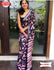 Navy Blue Linen Floral Saree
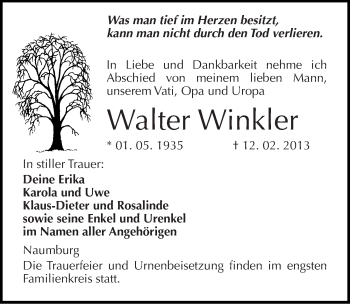 Traueranzeige von Walter Winkler von Mitteldeutsche Zeitung Naumburg/Nebra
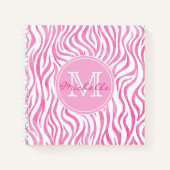 Hot-roze Waterverf Zebra afdrukken | Monogram Notitieboek (Voorkant)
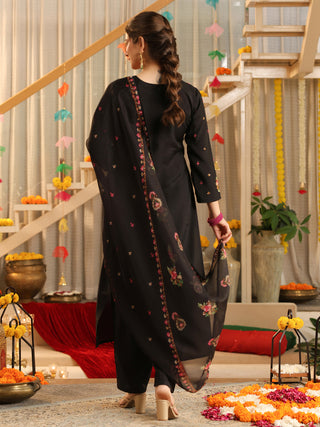 Black Embroidered Poly Silk Straight Kurta Set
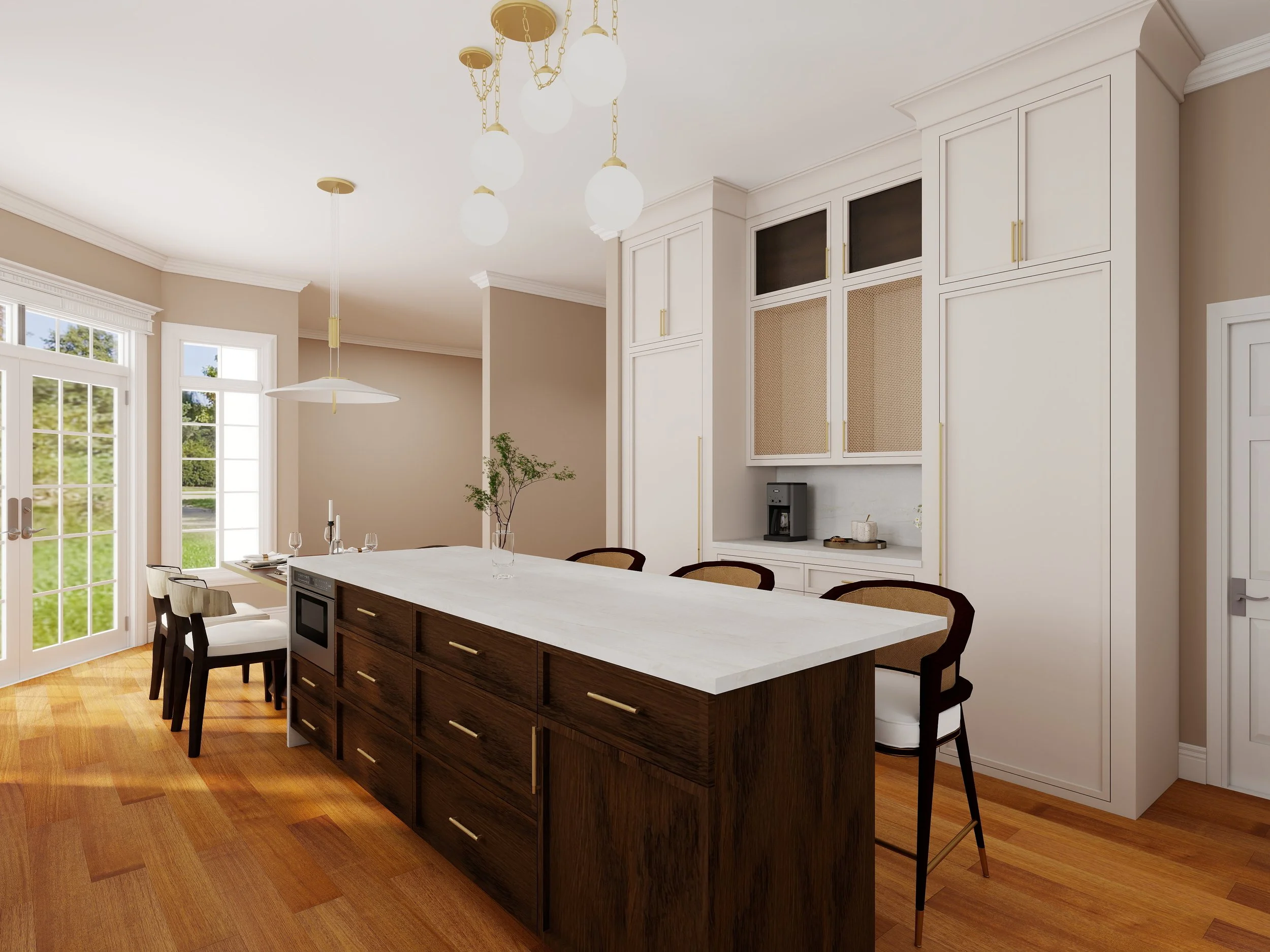 A modern kitchen with a white island countertop, dark wood cabinets, a built-in oven, and a set of dining chairs. Large windows and a door lead outside, and the ceiling has a contemporary chandelier with globe lights.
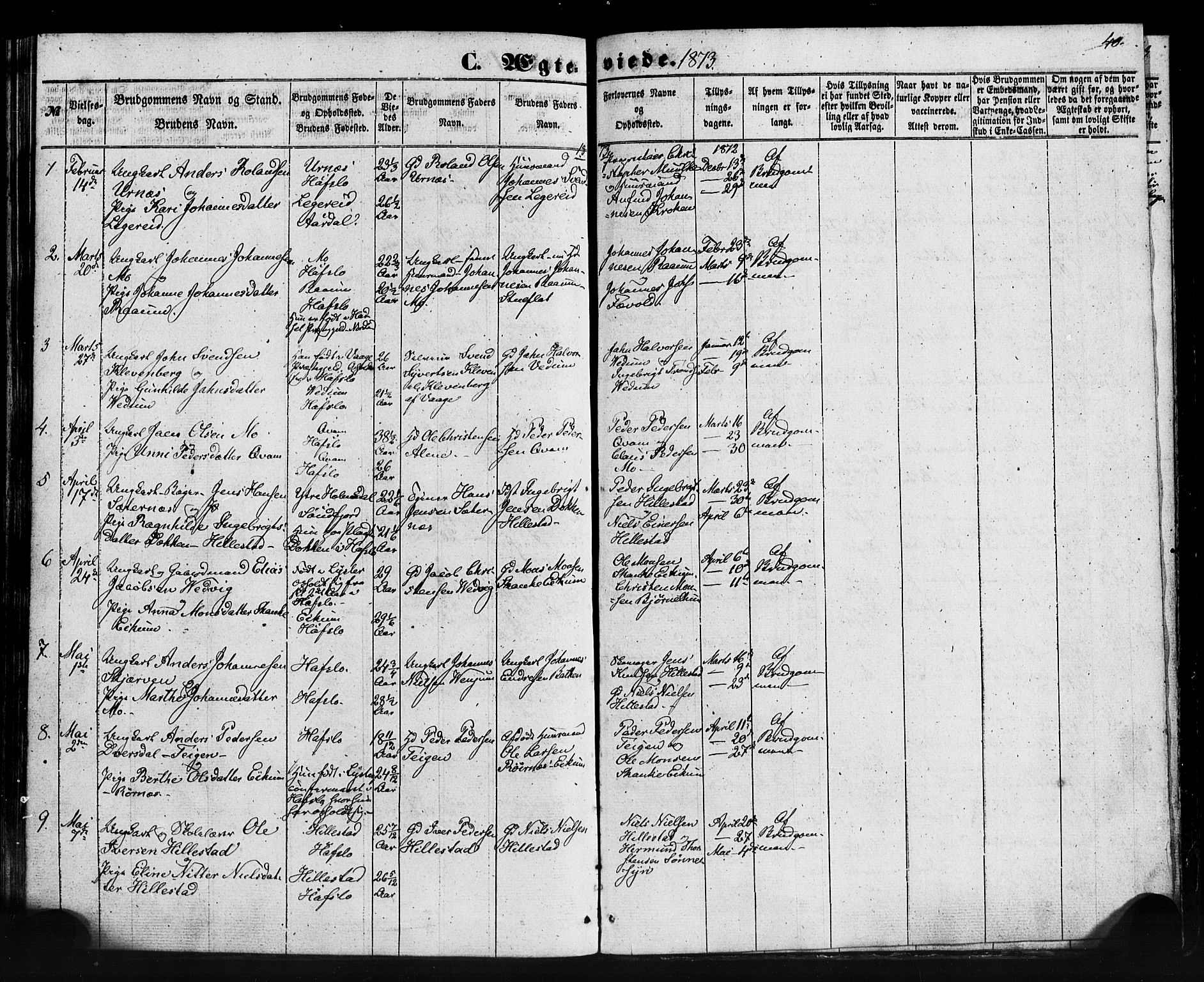 Hafslo sokneprestembete, AV/SAB-A-80301/H/Haa/Haaa/L0013: Parish register (official) no. A 13, 1854-1879, p. 40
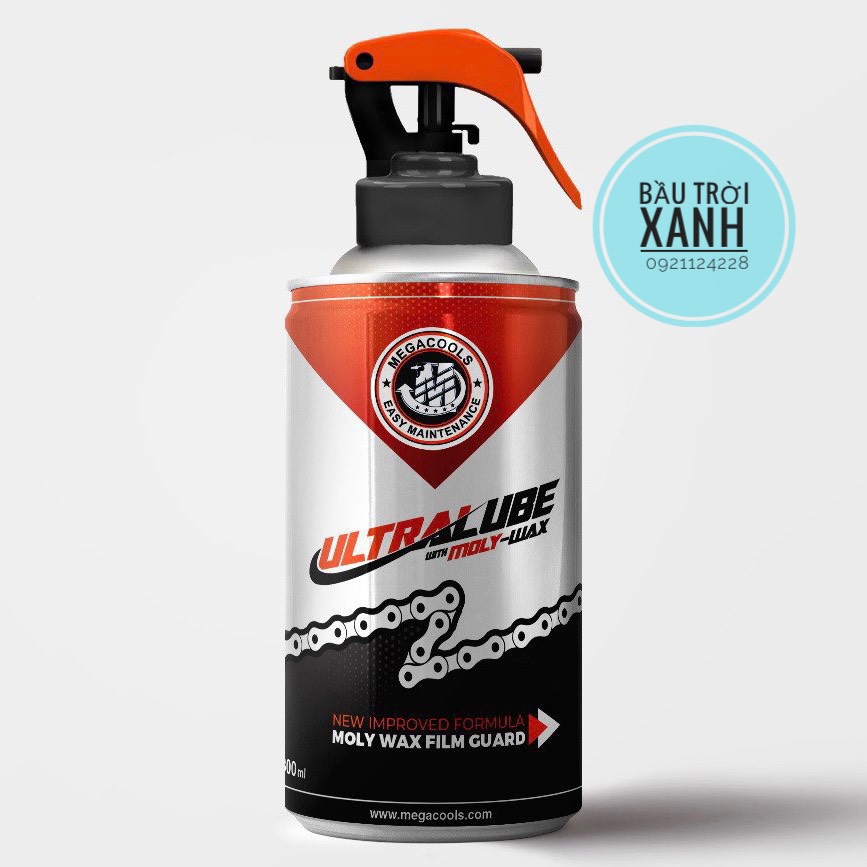Chai xịt megacools ultral lube with moly wax - xịt dưỡng sên 300ml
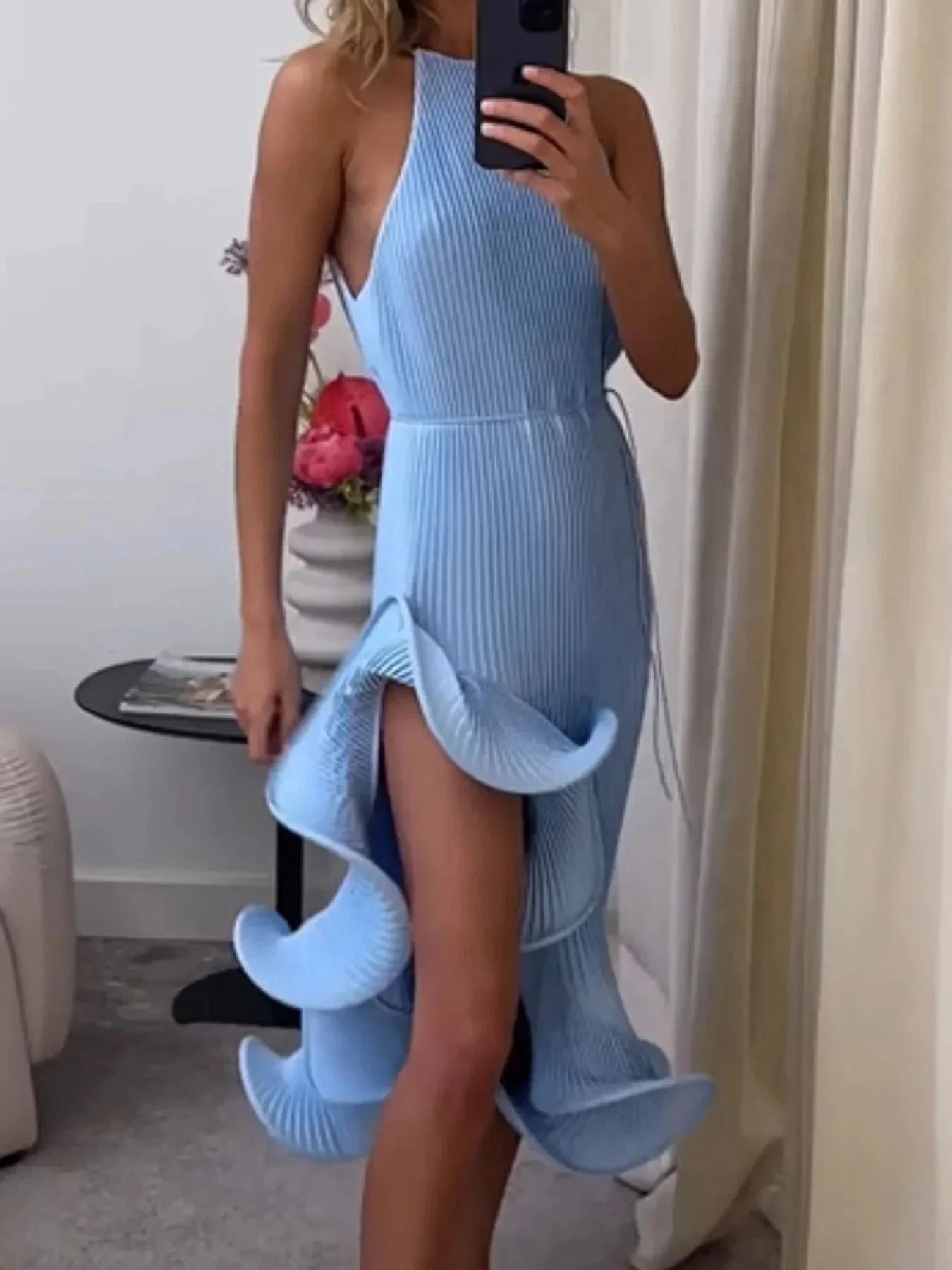 Ruffle Hem Ribbed Sleeveless Dress - VILLA FASHION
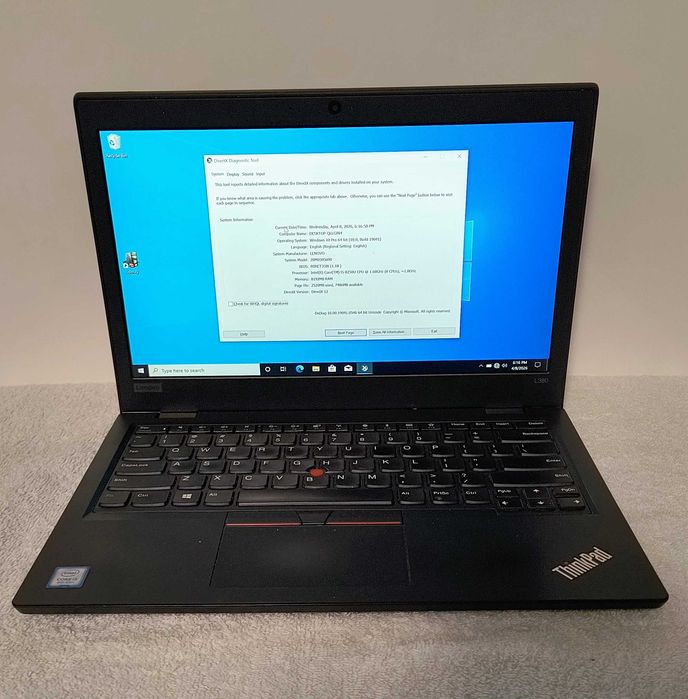 laptop 13.3" lenovo thinkpad l380 i5 8250u 8gb ram ssd 256gb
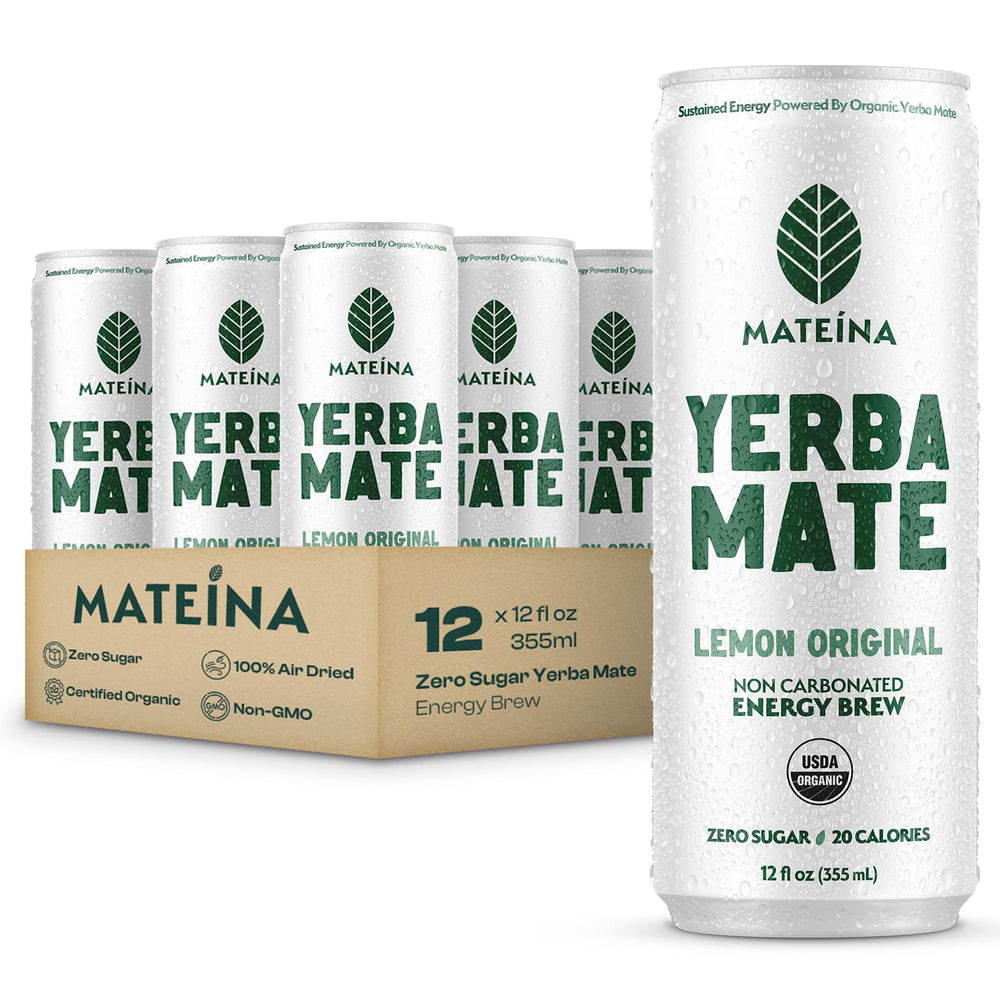 Mateina Yerba Mate Zero Sugar can front view; clean energy without sugar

_ _ _ _ _ _ _

WHAT IS NEEDED
Produce a verbatim copy of the listing, leaving out all pictures.

COMPLETED EXERCISE
 Navy Blue Linen Floral Saree
 Traueranzeige von Walter Winkler von Mitteldeutsche Zeitung Naumburg/Nebra
 Hot-roze Waterverf Zebra afdrukken | Monogram Notitieboek (Voorkant)
 Black Embroidered Poly Silk Straight Kurta Set
 A modern kitchen with a white island countertop, dark wood cabinets, a built-in oven, and a set of dining chairs. Large windows and a door lead outside, and the ceiling has a contemporary chandelier with globe lights.
 Hafslo sokneprestembete, AV/SAB-A-80301/H/Haa/Haaa/L0013: Parish register (official) no. A 13, 1854-1879, p. 40
Chai xịt megacools ultral lube with moly wax - xịt dưỡng sên 300ml
 Ruffle Hem Ribbed Sleeveless Dress - VILLA FASHION
 laptop 13.3" lenovo thinkpad l380 i5 8250u 8gb ram ssd 256gb
 Mateina Yerba Mate Zero Sugar can front view; clean energy without sugar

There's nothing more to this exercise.